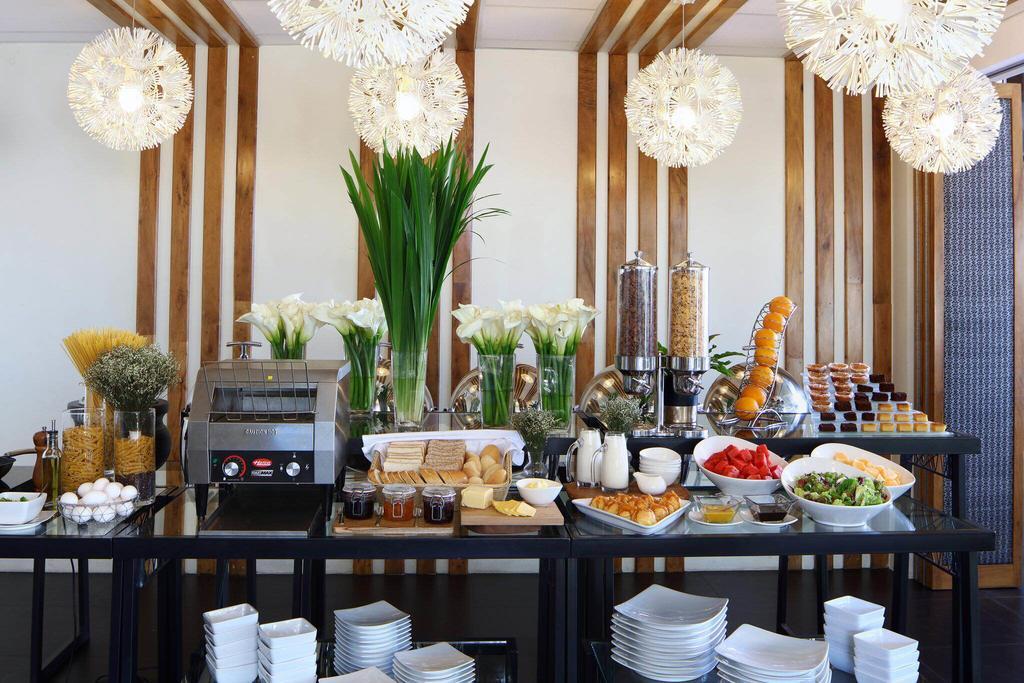 One Vittoria Hotel Виган Экстерьер фото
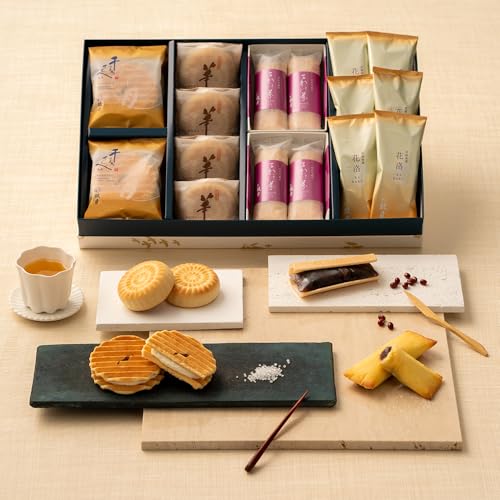 鼓月 和菓子 京都銘菓 詰め合わせ ギフト(プレミアム千寿せんべい6枚、華4個、万都の葉4個、花洛6個) / お歳暮 秋ギフト 京都 和菓子 お礼 お祝い お返し お供え 贈り物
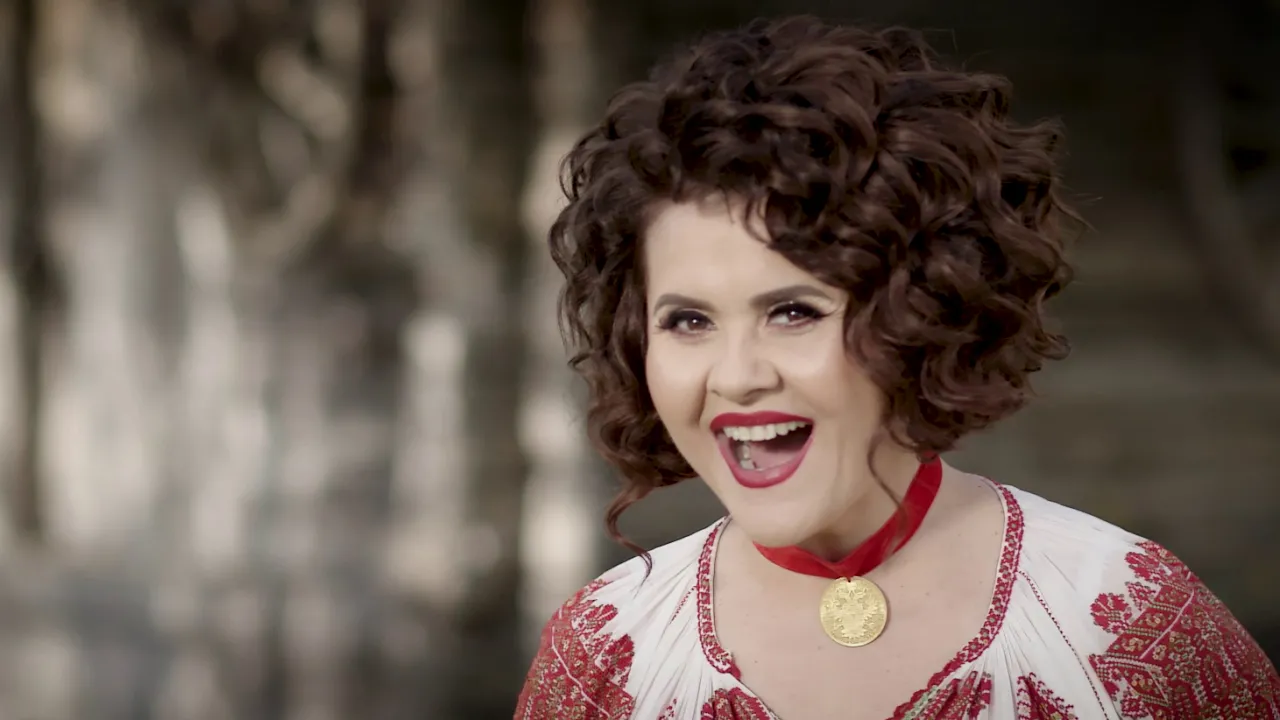 Niculina Stoican - Zice lumea ca-i sparg casa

_WORK TASK_:
When repeating the listing, keep each line exact and exclude the pictures.

_SOLVED PROBLEM_:
 One Vittoria Hotel Виган Экстерьер фото
 鼓月 和菓子 京都銘菓 詰め合わせ ギフト(プレミアム千寿せんべい6枚、華4個、万都の葉4個、花洛6個) / お歳暮 秋ギフト 京都 和菓子 お礼 お祝い お返し お供え 贈り物
 Niculina Stoican - Zice lumea ca-i sparg casa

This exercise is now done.